I have to start this story with the third Robin, Tim Drake. In his first appearance, A Lonely Place of Dying, by Marv Wolfman, I’d found Tim a bit too conveniently competent. I was supposed to believe that a thirteen year-old boy could do all that? Oh, I believed he had figured out Batman’s identity, that never seemed like a terribly well kept secret, but I couldn’t believe he’d traveled to New York and back, and more incredibly to me, made it outside of city limits to watch Batman fight over the reservoir, all on his bike!
(This, by the way, is the story-line in which Tim bluffs his way into the manor, and then, against Batman’s direct order, steals the Robin suit from Jason’s case and wears it out to fight crime, becoming Robin of his own resort, as it were.)
I first fell in love with Tim Drake in Rite of Passage, a mini by Alan Grant. In this story, I found the Tim I would imprint on like a young duckling. Tim was entirely aware of all the ways he was inadequate; he was supposed to be a partner to Batman? Tim was terrified, had nightmares of being eaten by a giant looming bat, and reacted by training harder. He knew he wasn’t good enough, but he was determined to be the best he could be. No one was harder on Tim than Tim was on himself. He was determined to be a Robin worthy of the name, but half-certain he would fail.
And then Stephanie Brown showed up. I resented the hell out of her. Tim hadn’t considered himself worthy of the name of Robin until he’d travelled the world training from the living masters; Steph thought a cape and a code-name was all she needed to be a costumed vigilante. Tim was willing (and eager!) to learn from those who had been in the business longer than him; Steph wanted to do everything her own way, and frequently screwed up. Oh, how she screwed up. She couldn’t climb as well as Tim, she couldn’t fight as well, she wasn’t as meticulously devoted to detail in fact, she seemed to think the whole thing should be fun!
Steph
And, the most petty reason of all for disliking her, she stole panels from Tim. She shared the limelight! She sometimes got whole story-lines dedicated to her stupid family. She pestered Tim to have a social life, when I wanted to see his freaky crime-fighting brain.
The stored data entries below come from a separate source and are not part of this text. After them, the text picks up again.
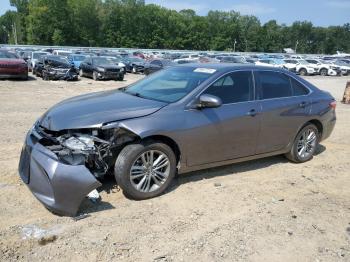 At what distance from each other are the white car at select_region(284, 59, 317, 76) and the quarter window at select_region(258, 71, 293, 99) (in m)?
31.9

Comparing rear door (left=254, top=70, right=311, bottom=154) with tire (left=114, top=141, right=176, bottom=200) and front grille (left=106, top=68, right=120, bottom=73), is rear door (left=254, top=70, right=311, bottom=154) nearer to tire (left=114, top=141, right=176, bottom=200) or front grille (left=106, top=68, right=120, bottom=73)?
tire (left=114, top=141, right=176, bottom=200)

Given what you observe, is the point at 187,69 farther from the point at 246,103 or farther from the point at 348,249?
the point at 348,249

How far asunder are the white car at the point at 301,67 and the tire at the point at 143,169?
1336 inches

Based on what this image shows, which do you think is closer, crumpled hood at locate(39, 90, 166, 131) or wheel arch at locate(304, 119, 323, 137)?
crumpled hood at locate(39, 90, 166, 131)

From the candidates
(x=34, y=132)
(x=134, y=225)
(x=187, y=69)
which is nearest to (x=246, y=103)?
(x=187, y=69)

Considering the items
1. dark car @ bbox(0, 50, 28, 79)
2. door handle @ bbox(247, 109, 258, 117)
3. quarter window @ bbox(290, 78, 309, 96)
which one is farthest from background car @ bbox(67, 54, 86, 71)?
door handle @ bbox(247, 109, 258, 117)

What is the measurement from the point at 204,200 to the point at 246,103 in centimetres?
157

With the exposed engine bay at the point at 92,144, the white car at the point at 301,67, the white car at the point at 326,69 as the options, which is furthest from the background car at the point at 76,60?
the exposed engine bay at the point at 92,144

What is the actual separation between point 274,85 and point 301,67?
33.1 meters

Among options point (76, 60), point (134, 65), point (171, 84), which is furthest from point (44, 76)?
point (171, 84)

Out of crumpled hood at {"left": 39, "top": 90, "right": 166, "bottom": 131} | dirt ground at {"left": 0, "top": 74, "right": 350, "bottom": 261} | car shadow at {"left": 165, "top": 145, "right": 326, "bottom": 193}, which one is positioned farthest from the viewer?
car shadow at {"left": 165, "top": 145, "right": 326, "bottom": 193}

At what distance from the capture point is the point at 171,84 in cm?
568

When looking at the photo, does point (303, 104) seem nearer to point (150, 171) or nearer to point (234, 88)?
point (234, 88)

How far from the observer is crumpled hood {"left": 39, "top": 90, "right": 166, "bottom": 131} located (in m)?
4.67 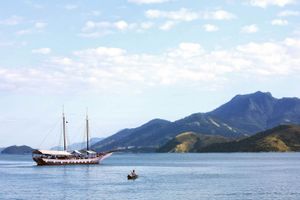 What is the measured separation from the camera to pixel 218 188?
116 metres

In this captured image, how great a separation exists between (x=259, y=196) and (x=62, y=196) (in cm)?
3714

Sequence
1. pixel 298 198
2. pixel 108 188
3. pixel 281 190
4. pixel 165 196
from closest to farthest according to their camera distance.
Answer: pixel 298 198
pixel 165 196
pixel 281 190
pixel 108 188

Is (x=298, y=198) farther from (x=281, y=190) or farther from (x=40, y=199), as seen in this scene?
(x=40, y=199)

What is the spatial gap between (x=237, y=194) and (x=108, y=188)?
101ft

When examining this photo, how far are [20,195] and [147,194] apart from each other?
25.4m

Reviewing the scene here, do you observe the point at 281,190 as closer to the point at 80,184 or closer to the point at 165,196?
the point at 165,196

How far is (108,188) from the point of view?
118188 mm

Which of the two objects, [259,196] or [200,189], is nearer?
[259,196]

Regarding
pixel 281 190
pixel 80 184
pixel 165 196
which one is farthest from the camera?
pixel 80 184

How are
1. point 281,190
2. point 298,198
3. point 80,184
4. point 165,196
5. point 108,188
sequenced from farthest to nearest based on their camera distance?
point 80,184 < point 108,188 < point 281,190 < point 165,196 < point 298,198

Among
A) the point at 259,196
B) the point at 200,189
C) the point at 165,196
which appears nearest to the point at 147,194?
the point at 165,196

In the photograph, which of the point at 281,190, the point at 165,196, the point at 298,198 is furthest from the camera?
the point at 281,190

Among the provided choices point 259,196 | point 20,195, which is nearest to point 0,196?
point 20,195

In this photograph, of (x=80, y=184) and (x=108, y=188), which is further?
(x=80, y=184) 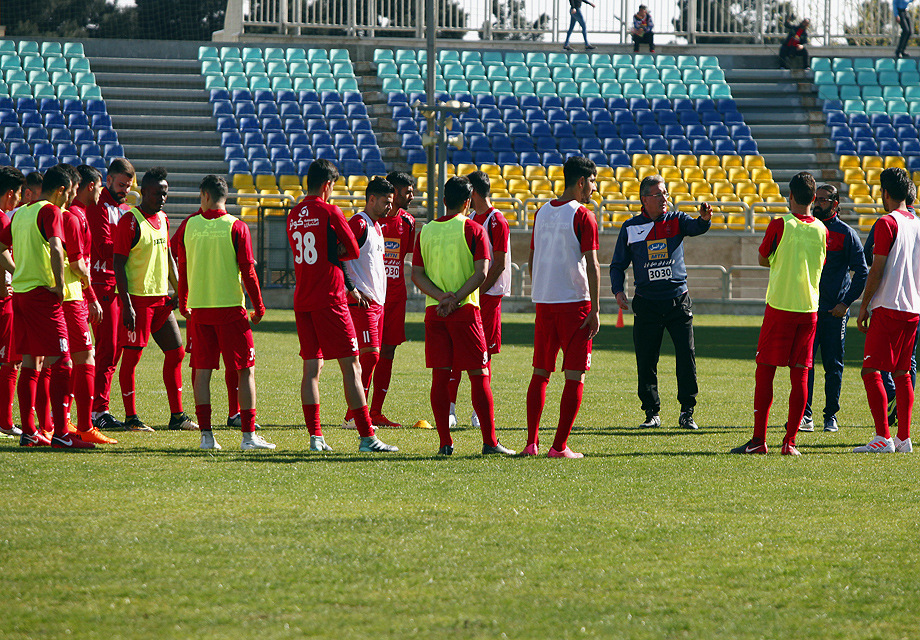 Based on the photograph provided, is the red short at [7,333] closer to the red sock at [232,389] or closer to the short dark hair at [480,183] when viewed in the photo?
the red sock at [232,389]

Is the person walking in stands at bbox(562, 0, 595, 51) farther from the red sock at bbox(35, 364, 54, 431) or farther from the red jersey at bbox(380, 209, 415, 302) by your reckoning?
the red sock at bbox(35, 364, 54, 431)

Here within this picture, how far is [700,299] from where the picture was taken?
23.1 metres

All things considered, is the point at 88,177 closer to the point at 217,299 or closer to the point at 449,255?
the point at 217,299

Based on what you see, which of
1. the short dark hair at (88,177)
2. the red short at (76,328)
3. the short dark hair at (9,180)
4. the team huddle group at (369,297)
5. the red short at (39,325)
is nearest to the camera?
the team huddle group at (369,297)

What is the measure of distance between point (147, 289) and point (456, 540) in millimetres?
4338

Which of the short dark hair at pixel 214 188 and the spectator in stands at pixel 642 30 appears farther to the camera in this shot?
the spectator in stands at pixel 642 30

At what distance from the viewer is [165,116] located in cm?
2945

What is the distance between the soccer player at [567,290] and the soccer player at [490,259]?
1.04 ft

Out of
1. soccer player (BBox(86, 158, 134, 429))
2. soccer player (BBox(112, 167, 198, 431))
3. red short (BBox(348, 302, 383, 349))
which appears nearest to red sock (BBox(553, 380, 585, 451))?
red short (BBox(348, 302, 383, 349))

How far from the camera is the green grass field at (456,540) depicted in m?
3.85

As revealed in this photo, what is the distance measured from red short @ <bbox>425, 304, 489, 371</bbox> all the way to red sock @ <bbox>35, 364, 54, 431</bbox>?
272 centimetres

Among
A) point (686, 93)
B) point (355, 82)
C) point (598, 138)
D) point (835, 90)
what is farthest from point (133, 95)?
point (835, 90)

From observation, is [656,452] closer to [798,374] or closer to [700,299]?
[798,374]

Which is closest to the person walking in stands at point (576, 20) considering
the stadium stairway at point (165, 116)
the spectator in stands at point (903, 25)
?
the spectator in stands at point (903, 25) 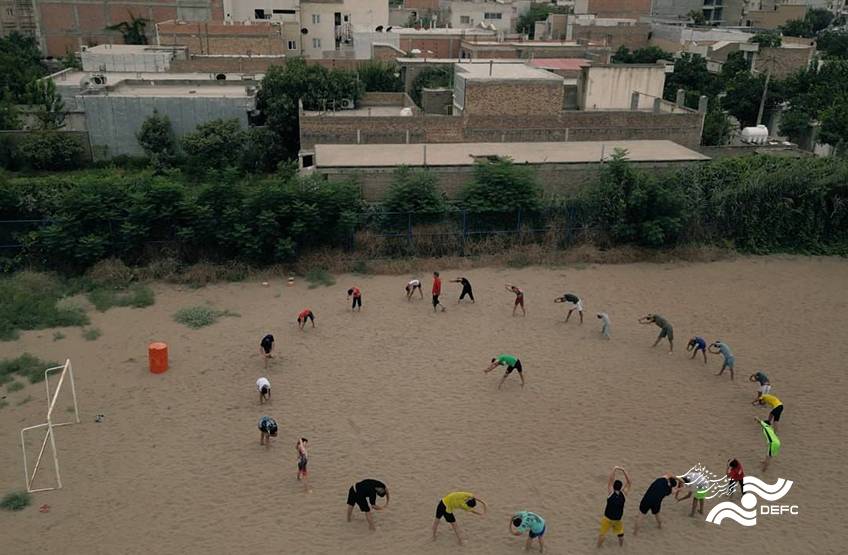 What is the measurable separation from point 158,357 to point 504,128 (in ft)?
57.6

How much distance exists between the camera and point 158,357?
52.6ft

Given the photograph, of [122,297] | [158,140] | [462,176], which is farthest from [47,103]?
[462,176]

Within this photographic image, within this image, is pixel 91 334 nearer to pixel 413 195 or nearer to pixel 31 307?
pixel 31 307

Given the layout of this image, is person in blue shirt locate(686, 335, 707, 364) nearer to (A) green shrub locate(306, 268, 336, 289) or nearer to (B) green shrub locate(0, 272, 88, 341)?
(A) green shrub locate(306, 268, 336, 289)

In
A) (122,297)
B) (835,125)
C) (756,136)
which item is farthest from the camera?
Answer: (835,125)

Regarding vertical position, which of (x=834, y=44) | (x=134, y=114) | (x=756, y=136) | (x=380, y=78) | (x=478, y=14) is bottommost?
(x=756, y=136)

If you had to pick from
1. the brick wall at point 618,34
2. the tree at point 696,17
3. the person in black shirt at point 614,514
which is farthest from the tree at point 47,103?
the tree at point 696,17

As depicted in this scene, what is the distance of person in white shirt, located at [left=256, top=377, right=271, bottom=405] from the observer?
14.7 m

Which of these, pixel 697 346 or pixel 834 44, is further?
pixel 834 44

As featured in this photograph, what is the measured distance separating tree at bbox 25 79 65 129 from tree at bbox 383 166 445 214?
657 inches

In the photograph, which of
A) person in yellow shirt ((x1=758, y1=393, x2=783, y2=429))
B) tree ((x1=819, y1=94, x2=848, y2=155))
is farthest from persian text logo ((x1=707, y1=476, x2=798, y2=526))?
tree ((x1=819, y1=94, x2=848, y2=155))

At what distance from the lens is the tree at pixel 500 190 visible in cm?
2308

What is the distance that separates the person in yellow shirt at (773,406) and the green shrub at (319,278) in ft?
39.8

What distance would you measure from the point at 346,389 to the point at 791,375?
1027 cm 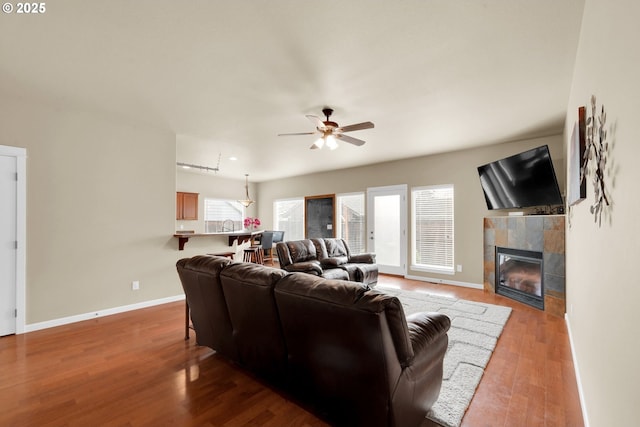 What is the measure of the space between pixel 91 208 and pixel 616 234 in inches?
193

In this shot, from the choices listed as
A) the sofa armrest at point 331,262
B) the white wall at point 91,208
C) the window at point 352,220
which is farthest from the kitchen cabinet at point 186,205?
the sofa armrest at point 331,262

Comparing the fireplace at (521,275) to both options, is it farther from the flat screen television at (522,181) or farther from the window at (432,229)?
the window at (432,229)

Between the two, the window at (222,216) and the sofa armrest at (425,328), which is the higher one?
the window at (222,216)

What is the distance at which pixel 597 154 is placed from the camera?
142cm

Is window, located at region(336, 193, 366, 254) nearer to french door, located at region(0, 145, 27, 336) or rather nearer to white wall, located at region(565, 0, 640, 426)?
white wall, located at region(565, 0, 640, 426)

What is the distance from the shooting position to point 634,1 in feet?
2.94

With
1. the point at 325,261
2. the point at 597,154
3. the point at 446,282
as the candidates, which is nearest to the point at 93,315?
the point at 325,261

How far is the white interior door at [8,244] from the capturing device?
3.09m

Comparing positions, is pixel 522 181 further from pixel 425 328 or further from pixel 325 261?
pixel 425 328

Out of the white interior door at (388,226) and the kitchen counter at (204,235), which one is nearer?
the kitchen counter at (204,235)

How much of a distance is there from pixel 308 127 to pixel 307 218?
4.26m

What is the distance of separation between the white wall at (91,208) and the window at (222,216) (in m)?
3.83

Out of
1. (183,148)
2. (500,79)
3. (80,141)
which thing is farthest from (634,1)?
(183,148)

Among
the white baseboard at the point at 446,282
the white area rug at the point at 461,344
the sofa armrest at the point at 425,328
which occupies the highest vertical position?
the sofa armrest at the point at 425,328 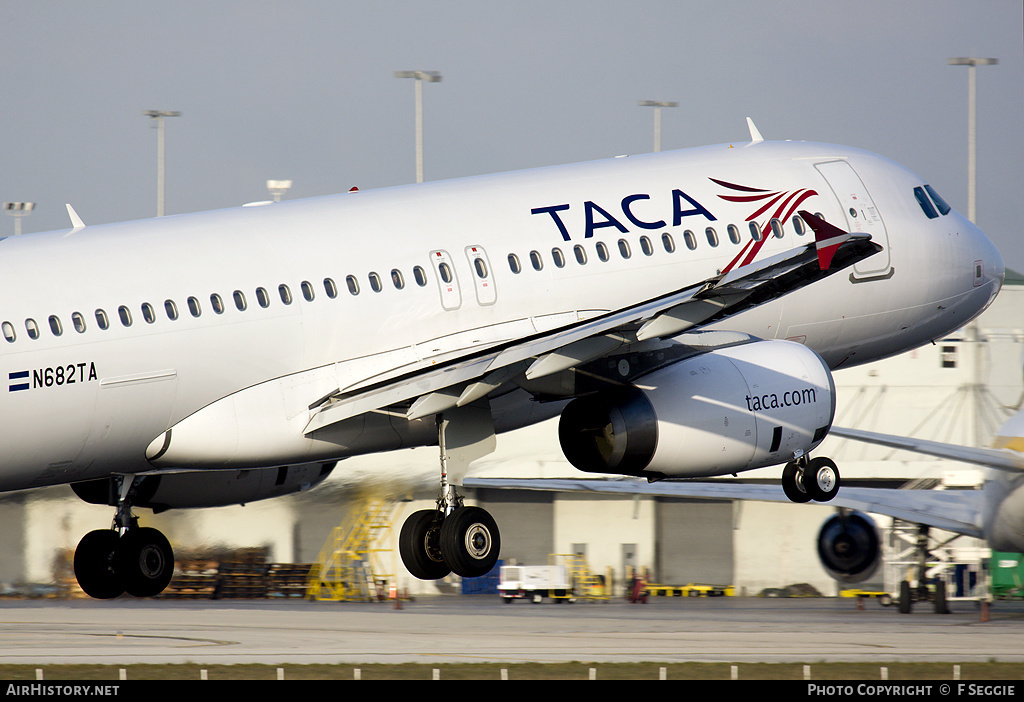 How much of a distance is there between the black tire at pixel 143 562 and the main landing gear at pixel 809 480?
31.7 feet

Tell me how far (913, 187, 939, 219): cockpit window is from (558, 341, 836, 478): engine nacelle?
500 cm

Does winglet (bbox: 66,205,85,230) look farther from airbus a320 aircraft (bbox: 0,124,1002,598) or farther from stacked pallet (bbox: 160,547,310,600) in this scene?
stacked pallet (bbox: 160,547,310,600)

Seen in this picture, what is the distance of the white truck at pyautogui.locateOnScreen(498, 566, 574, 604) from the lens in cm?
4934

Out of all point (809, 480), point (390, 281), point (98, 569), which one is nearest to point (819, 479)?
point (809, 480)

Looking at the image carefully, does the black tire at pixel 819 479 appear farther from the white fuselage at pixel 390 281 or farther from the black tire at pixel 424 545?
the black tire at pixel 424 545

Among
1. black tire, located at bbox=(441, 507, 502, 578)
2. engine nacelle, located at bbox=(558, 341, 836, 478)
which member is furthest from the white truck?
engine nacelle, located at bbox=(558, 341, 836, 478)

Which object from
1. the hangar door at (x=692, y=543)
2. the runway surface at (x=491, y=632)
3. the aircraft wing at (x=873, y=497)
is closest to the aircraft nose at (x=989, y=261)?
the runway surface at (x=491, y=632)

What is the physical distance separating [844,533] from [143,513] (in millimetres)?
20137

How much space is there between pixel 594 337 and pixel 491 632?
727 inches

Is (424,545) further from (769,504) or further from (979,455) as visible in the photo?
(769,504)

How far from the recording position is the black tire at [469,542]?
64.8 ft

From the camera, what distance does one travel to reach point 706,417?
1961 cm

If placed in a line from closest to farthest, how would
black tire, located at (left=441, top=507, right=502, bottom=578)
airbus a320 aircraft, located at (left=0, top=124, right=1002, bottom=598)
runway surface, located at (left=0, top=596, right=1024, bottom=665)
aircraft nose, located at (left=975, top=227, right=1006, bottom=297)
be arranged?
airbus a320 aircraft, located at (left=0, top=124, right=1002, bottom=598), black tire, located at (left=441, top=507, right=502, bottom=578), aircraft nose, located at (left=975, top=227, right=1006, bottom=297), runway surface, located at (left=0, top=596, right=1024, bottom=665) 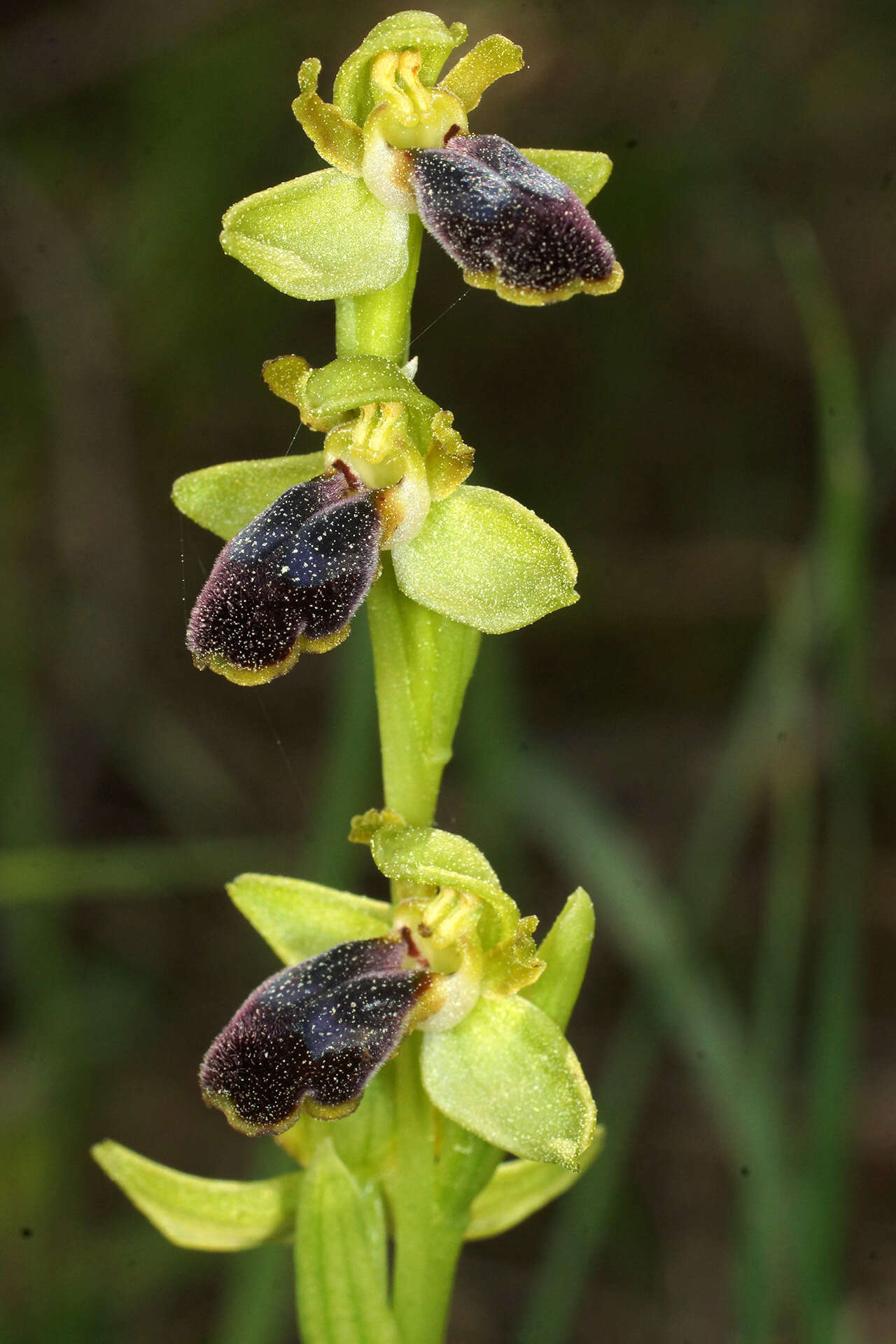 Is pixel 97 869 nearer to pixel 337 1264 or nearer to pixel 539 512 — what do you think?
pixel 337 1264

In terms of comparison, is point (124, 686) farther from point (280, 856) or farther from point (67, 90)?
point (67, 90)

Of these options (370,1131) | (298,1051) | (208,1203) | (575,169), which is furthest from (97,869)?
(575,169)

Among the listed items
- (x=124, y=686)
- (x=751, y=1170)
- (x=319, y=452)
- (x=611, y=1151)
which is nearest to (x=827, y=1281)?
(x=751, y=1170)

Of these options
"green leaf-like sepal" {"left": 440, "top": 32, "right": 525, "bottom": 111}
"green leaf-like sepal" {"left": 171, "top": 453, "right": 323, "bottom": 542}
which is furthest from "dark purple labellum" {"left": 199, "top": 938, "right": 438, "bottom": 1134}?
"green leaf-like sepal" {"left": 440, "top": 32, "right": 525, "bottom": 111}

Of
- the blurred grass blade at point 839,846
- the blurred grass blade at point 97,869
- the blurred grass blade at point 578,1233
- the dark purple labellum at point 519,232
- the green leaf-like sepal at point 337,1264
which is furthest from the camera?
the blurred grass blade at point 97,869

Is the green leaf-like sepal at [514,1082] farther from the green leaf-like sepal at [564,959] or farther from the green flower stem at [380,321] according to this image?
the green flower stem at [380,321]

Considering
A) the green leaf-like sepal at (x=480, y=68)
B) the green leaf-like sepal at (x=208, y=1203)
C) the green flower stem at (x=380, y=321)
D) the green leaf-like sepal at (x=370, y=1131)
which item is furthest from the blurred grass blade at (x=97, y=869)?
the green leaf-like sepal at (x=480, y=68) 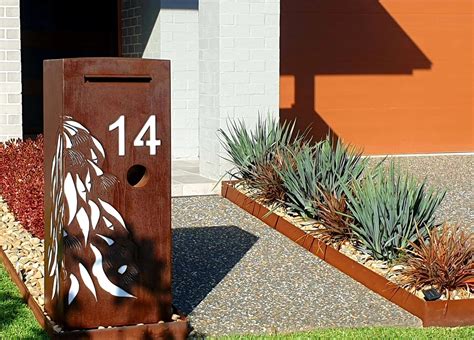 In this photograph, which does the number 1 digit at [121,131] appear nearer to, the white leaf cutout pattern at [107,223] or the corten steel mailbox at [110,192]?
the corten steel mailbox at [110,192]

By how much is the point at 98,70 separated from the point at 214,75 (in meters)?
6.16

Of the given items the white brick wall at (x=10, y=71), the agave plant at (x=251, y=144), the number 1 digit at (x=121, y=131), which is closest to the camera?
the number 1 digit at (x=121, y=131)

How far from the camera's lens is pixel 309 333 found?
747 centimetres

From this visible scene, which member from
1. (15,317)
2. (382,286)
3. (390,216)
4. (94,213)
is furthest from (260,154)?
(94,213)

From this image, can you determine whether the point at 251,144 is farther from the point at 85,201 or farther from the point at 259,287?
the point at 85,201

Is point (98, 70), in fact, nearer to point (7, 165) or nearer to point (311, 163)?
point (311, 163)

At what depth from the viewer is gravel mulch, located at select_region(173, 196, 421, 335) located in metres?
7.77

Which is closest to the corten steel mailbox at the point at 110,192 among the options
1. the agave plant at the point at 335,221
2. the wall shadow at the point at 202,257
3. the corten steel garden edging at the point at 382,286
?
the wall shadow at the point at 202,257

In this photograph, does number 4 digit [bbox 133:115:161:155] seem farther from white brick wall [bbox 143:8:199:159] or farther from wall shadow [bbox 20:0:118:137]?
wall shadow [bbox 20:0:118:137]

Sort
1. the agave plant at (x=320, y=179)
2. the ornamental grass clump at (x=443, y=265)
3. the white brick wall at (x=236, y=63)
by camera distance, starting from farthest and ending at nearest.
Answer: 1. the white brick wall at (x=236, y=63)
2. the agave plant at (x=320, y=179)
3. the ornamental grass clump at (x=443, y=265)

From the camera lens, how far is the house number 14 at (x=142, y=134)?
6.98 m

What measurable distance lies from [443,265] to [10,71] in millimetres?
7843

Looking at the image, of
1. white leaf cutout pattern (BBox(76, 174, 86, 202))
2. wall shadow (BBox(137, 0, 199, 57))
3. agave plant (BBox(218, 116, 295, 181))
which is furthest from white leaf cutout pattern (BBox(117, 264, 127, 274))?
wall shadow (BBox(137, 0, 199, 57))

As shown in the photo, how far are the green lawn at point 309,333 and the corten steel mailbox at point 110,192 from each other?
0.90ft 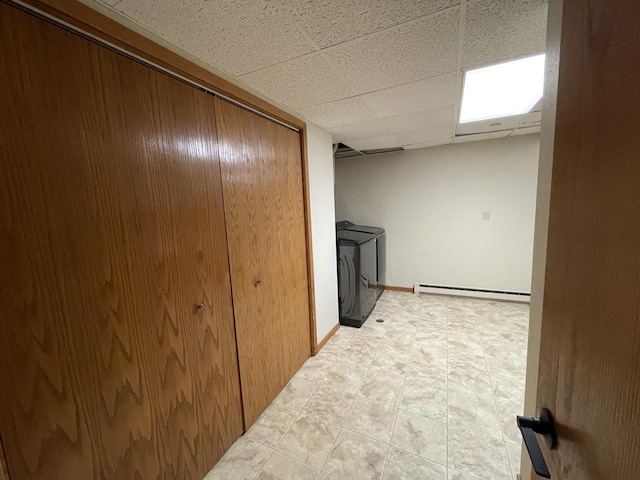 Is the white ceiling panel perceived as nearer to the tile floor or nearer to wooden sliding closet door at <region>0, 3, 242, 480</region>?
wooden sliding closet door at <region>0, 3, 242, 480</region>

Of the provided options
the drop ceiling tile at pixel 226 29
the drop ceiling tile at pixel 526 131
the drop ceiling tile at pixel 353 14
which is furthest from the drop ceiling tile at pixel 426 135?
the drop ceiling tile at pixel 226 29

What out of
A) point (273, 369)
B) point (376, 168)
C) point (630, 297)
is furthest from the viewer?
point (376, 168)

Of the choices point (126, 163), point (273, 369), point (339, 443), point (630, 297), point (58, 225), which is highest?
point (126, 163)

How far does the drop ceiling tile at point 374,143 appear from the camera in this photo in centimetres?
284

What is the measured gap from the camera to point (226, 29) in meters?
1.00

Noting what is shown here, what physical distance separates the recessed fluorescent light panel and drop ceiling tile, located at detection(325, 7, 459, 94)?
32cm

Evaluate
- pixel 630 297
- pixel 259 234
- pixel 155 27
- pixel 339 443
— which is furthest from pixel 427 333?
pixel 155 27

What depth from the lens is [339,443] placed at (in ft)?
4.93

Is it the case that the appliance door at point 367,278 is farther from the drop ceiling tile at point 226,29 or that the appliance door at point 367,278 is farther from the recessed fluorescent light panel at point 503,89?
the drop ceiling tile at point 226,29

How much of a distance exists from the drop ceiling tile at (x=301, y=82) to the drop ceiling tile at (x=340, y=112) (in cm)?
9

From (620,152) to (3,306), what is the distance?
1.37 m

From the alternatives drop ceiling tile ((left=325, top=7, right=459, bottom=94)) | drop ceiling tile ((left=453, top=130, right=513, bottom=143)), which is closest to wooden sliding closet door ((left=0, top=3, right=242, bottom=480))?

A diversion: some women of my acquaintance just can’t identify with a male character. They can like, enjoy, or sympathize with them, but they can’t identify with them. I think I’m being clear here that I’m not one of those women. It’s not really something I consider a special ability, but I’m actually more likely to identify with male characters than female.
I eventually got over my resentment of Steph, a little. She seemed to be making Tim happy, and she was getting better at the vigilante gig, which did a lot to reconcile me to her. She got some really good story-lines, from Peter David in Young Justice, in Batgirl, and from Jon Lewis in Robin.
But when I heard that Stephanie Brown would be replacing Tim as Robin, all my resentment came back. How did she think she could even compare to Tim as Robin? Why was DC taking away the best Robin ever (I don’t claim to be impartial) and replacing him with someone who was still learning how to use a grappling hook? It didn’t help that the textual reasons given for Tim leaving the position of Robin depended on Tim making a series of mistakes I saw as stupid and uncharacteristic of him.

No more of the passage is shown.